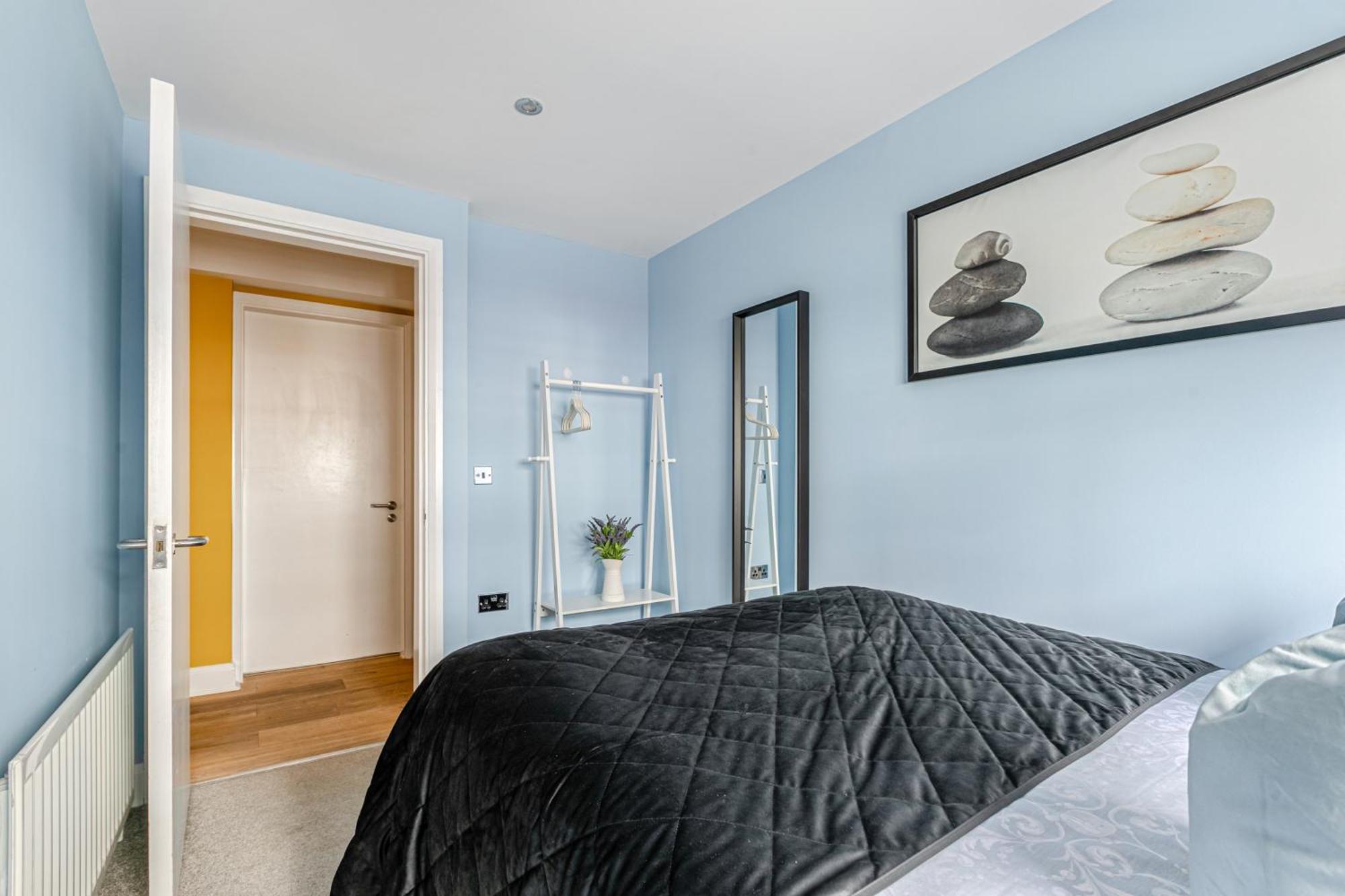 Central-Few Steps From Brighton Beach Apartment Bagian luar foto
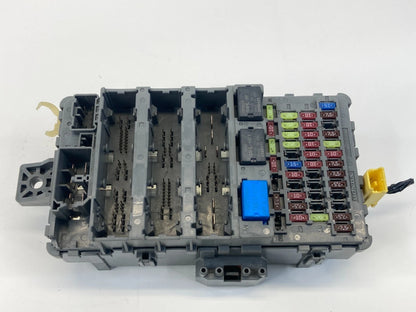 2013-2017 Honda Accord Sedan Interior Dash Fuse Relay Box Compartment T2F-A004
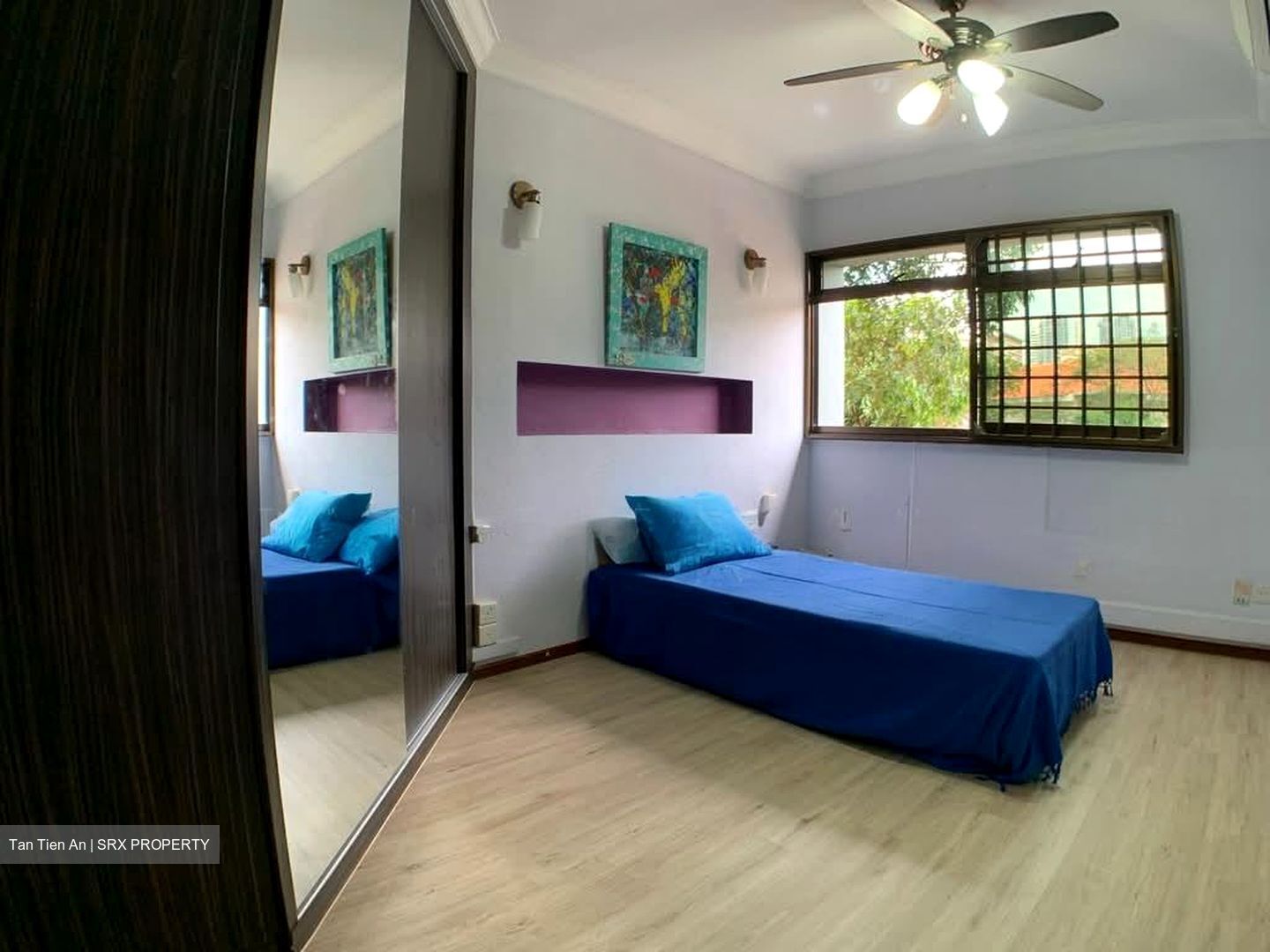 Blk 291 Bishan Heights (Bishan), HDB 4 Rooms #587691491
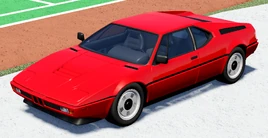 1980 BKM S1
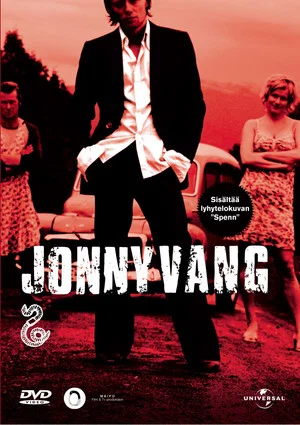Постер: Jonny Vang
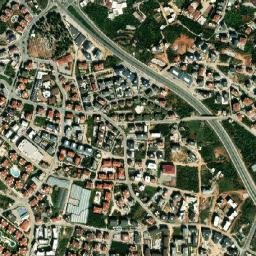 Drone Görünümü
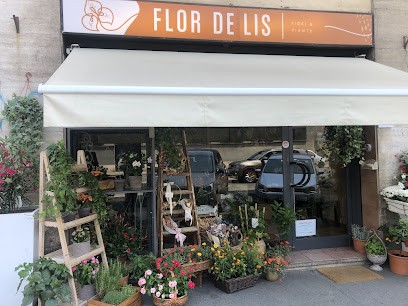 Flor De Lis, Fiorista a Firenze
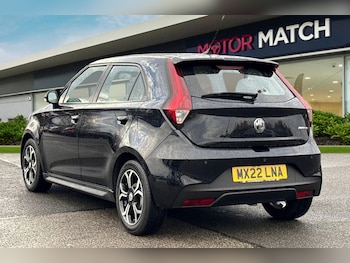 Used MG MG3 2022 for sale - 76540954: Photo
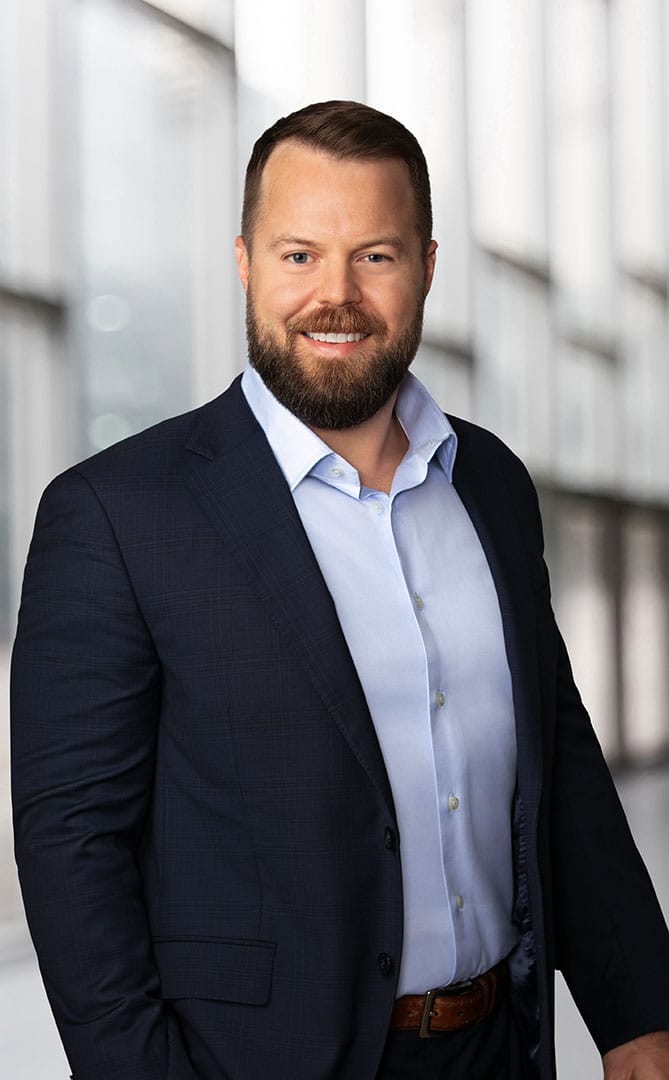 Justin W. Allen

* [WHAT YOU SHOULD DO] Write out each line of the data above exactly, starting at the top and finishing with the line containing "Flor De Lis, Fiorista a Firenze"; omit the pictures.

* [TASK ANSWER]
 Central-Few Steps From Brighton Beach Apartment Bagian luar foto
 2013-2017 Honda Accord Sedan Interior Dash Fuse Relay Box Compartment T2F-A004
 Blk 291 Bishan Heights (Bishan), HDB 4 Rooms #587691491
 1980 BKM S1
Постер: Jonny Vang
 Drone Görünümü
 Flor De Lis, Fiorista a Firenze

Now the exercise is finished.